Since F₂ is a subfield of G, we can interpret G as a d-dimensional vector space over F₂, which means that h is also F₂-linear. Choose any basis of G as a F₂-vector space, and let A be the transformation matrix of h with respect to this basis. Now A is a d×d matrix with values in F₂, and by construction A has the same order as h.

So this second example proves that k_max(d) is bounded from below by 2^d-1.

[MagmaMcFry]

Hold up, you can't just assume that any noninvertible symmetric matrix satisfies the conditions of your problem.

Anyway, here's an easier way to count the number of symmetric matrices with A1 = 0. For any choice of all the values strictly below the diagonal, there's exactly one way to complete the matrix (first reflect the chosen values along the diagonal, then adjust the diagonal elements as prescribed. Since you may choose d(d-1)/2 matrix elements, there are 2^d(d-1)/2 valid matrices.

[MagmaMcFry]

Nope. The matrix A = [[0,1,0],[1,0,0],[0,0,0]] is symmetrical, yet neither invertible nor nilpotent, but it does not satisfy your requirements, since A1 != 0.

Really, the matrices you need to consider are exactly those satisfying the linear equations A* = A and A1 = 0.

EDIT:

He proved that the maximum path of this "game of light" as he calls it on an arbitrary graph is equal to the order of that group

What exactly do you mean by "path"?

[MagmaMcFry]

Oh okay, I see. So if I understand correctly, this is the (formalized) statement:

Suppose a matrix A in F₂^d×d satisfies A* = A and A1 = 0. Then there is an x in F₂^d such that the eventual period of (Aⁿ) is the same as the eventual period of (Aⁿx).

[MagmaMcFry]

Are you sure about that formulation? I believe you messed up your quantors there.

[MagmaMcFry]

I assume n is supposed to be greater than m. Anyway, we've proved that earlier.

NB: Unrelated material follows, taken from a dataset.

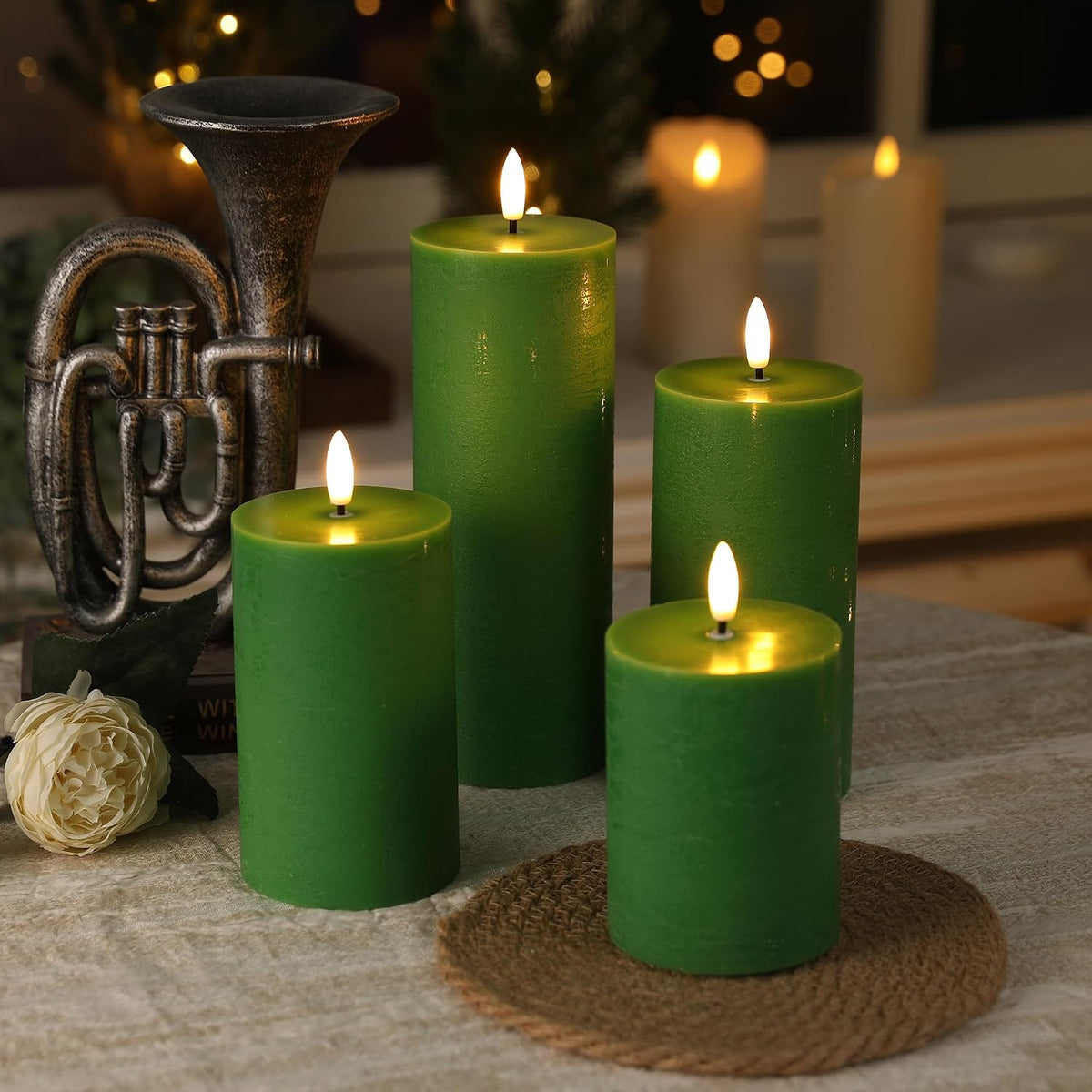 LUSHARBOR Green Flameless Candles, 4 Pack Battery Operated Candles for St. Patrick’s Day, Real Wax LED Fake Candles for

Since we're in a finite-dimensional vector space, the following holds: [(For every x in F₂^d: A^mx=Aⁿx) <=> (A^m = Aⁿ)].
Since {A^m, ..., A^m+k-1} is the cyclic group we've been talking about all the time, and A^m+k = A^m, simply choose n = m+k.

[MagmaMcFry]

I wrote a quick app that draws graphs and calculates their maximum period, and with a bit of playing around I found out that most cycle graphs C_p of prime length p have cycle length k = 2^(p-1)/2 - 1, which is very exponential in nature. Notable exception is p = 17, where C₁₇ has cycle length 15.

[MagmaMcFry]

Okay, so I invented a way to transform an arbitrary directed graph with d vertices into a simple graph with O(d²)O(d) vertices that has at least the same light game period. Also I found a very simple infinite class of simple graphs with light game period Ω(2^d/10) Ω(2^d/3) Ω(2^d/2), together with starting configurations that produce this period. Your professor might want to know about this.

E: Wait no I found a mistake. Brb

E2: Fixed my mistake and made the construction even better. Improved the constructed simple graph to size O(d) now!

[TheBiggerFish]

...Guys?  What on earth is this?

[MagmaMcFry]

This is the subtle science and exact art of mathematics. As there is little foolish calculator-waving here, many of you will hardly believe this isn't magic.

[MagmaMcFry]

Earlier on, I proved that the highest order of any cycle induced by a directed graph grows exponentially in the size of the graph. Now I found a method to convert any directed graph into a simple graph of proportional size that preserves the directed graph's loop structure, which means that the highest order of any cycle induced by simple graphs also grows exponentially in the size of the graph.

In other words, for any matrix A in F₂^d×d I've found a matrix B in F₂^O(d)×O(d) with B* = B and 1B = 0 and a mapping f : F₂^d -> F₂^O(d) such that for each x in F₂^d the eventual period of Bⁿf(x) is equal to the eventual period of Aⁿx.

[TheBiggerFish]

Are you, like, professional mathematicians or something?

[Helgoland]

There's quite a few of us here actually. So far I haven't met another topologist though :/


For future reference: Is anyone here good with Category Theory and/or Set Theory?